L’une des 58 photos grand format que Demir Sönmez expose sur la place des Nations jusqu’au 1er mai dérange la Turquie. Le Courrier a appris que son consulat a protesté auprès de la Ville de Genève par le biais d’un courrier adressé au chef de l’Environnement urbain et de la sécurité, Guillaume Barazzone. Le consulat demande que la photographie soit retirée. Le Conseil administratif discutera mardi de la position à adopter, aucune mesure ne sera prise d’ici-là, fait savoir la porte-parole de la maire Esther Alder, qui ne souhaite pas ajouter de commentaires.

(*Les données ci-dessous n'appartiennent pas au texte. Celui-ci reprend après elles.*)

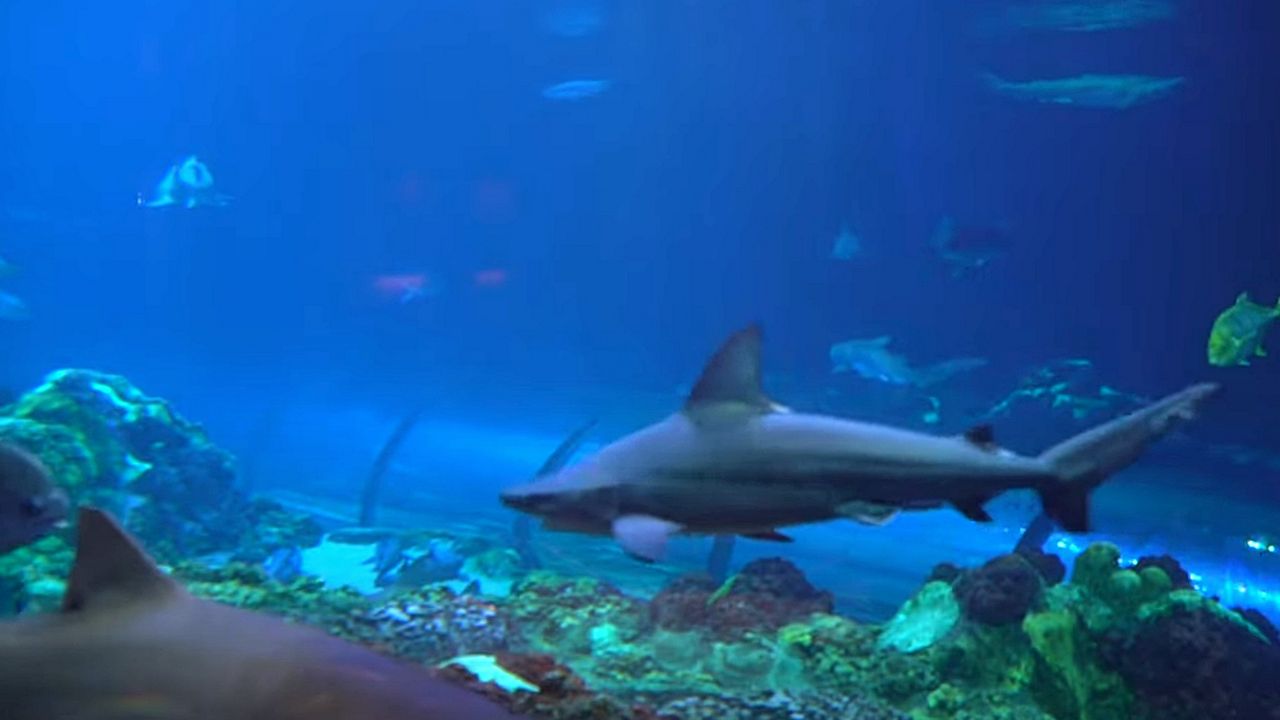SeaWorld Orlando is celebrating sharks this week with special park experiences. (SeaWorld)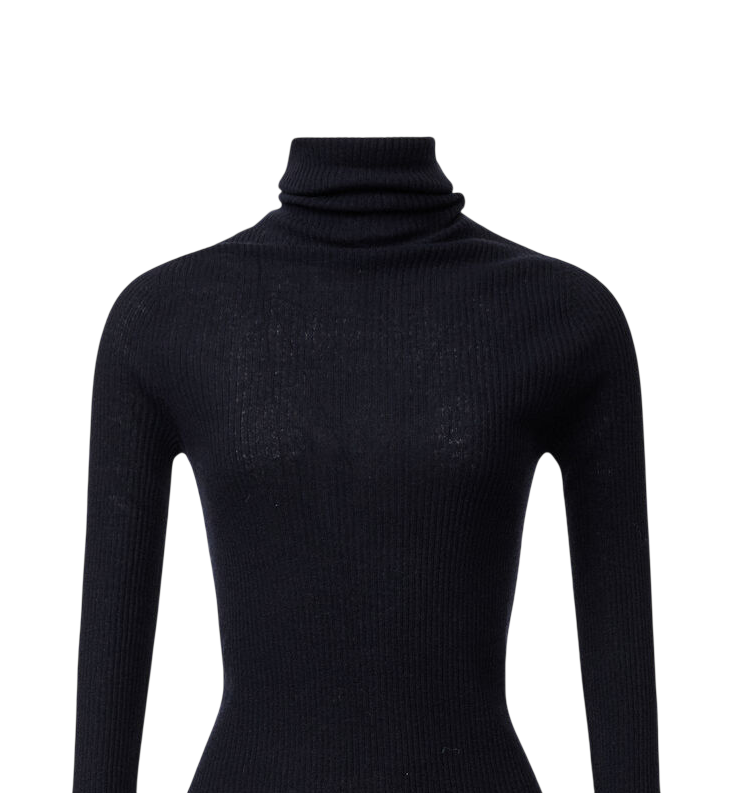 FABIANA FILIPPI Turtleneck Sweater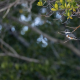 Bälteskungsfiskare, Belted kingfisher, kingfishers, Florida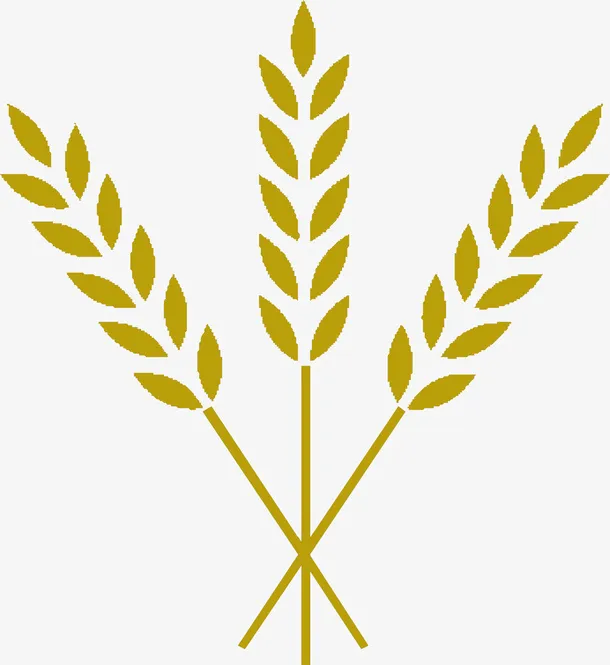 谷物麦穗矢量图素材免抠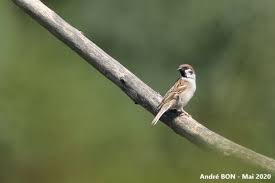 Image result for Passer montanus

Que montre la photo? Comme les autres, elle a été prise à l’occasion de l’une des nombreuses manifestations sur la place des Nations que Demir Sönmez, photographe genevois d’origine kurde et arménienne, a couvertes et qui font l’objet de son exposition. Celle en question a eu lieu le 14 mars 2014. Au premier plan, une banderole avec le visage dessiné d’un adolescent et cette phrase: «Je m’appelle Berkin Elvan, la police m’a tué sur l’ordre du Premier Ministre turc». Ce jour-là en face du Palais des Nations, plus d’une centaine de personnes protestaient contre le régime turc à l’occasion du décès de l’adolescent, deux jours auparavant, après 269 jours de coma. Le 16 juin 2013, Berkin Elvan, 15 ans, parti acheter du pain, avait reçu une grenade lacrymogène tirée par un policier au plus fort du mouvement de protestation autour de la place Taksim. Cette année-là, une mobilisation pour la sauvegarde du parc Gezi s’était muée en un mouvement antigouvernemental notamment comparé au printemps arabe. Un mouvement durement réprimé. Recep Tayyip Erodgan, premier ministre turc à l’époque et aujourd’hui président, avait déclaré que l’adolescent était membre d’une organisation terroriste.
«Ingérence choquante»
Demir Sönmez, lui, défend sa liberté d’expression et souhaite même que l’exposition soit prolongée. Membre de la commission de politique extérieure du Conseil national, Carlo Sommaruga (PS/GE) se dit choqué par «l’ingérence d’un Etat tiers dans les affaires internes de la Ville de Genève pour lui demander de limiter la liberté d’expression. J’espère que le Conseil administratif adressera une fin de non-recevoir très claire à la Turquie.» Son collègue Yves Nidegger (UDC/GE), qui siège dans la même commission, estime à son tour que si la place des Nations ne pouvait plus accueillir de protestations pour la défense des droits humains, «alors elle ne servirait à rien». M. Sommaruga craint toutefois que l’exécutif ne cède par peur de créer un incident diplomatique.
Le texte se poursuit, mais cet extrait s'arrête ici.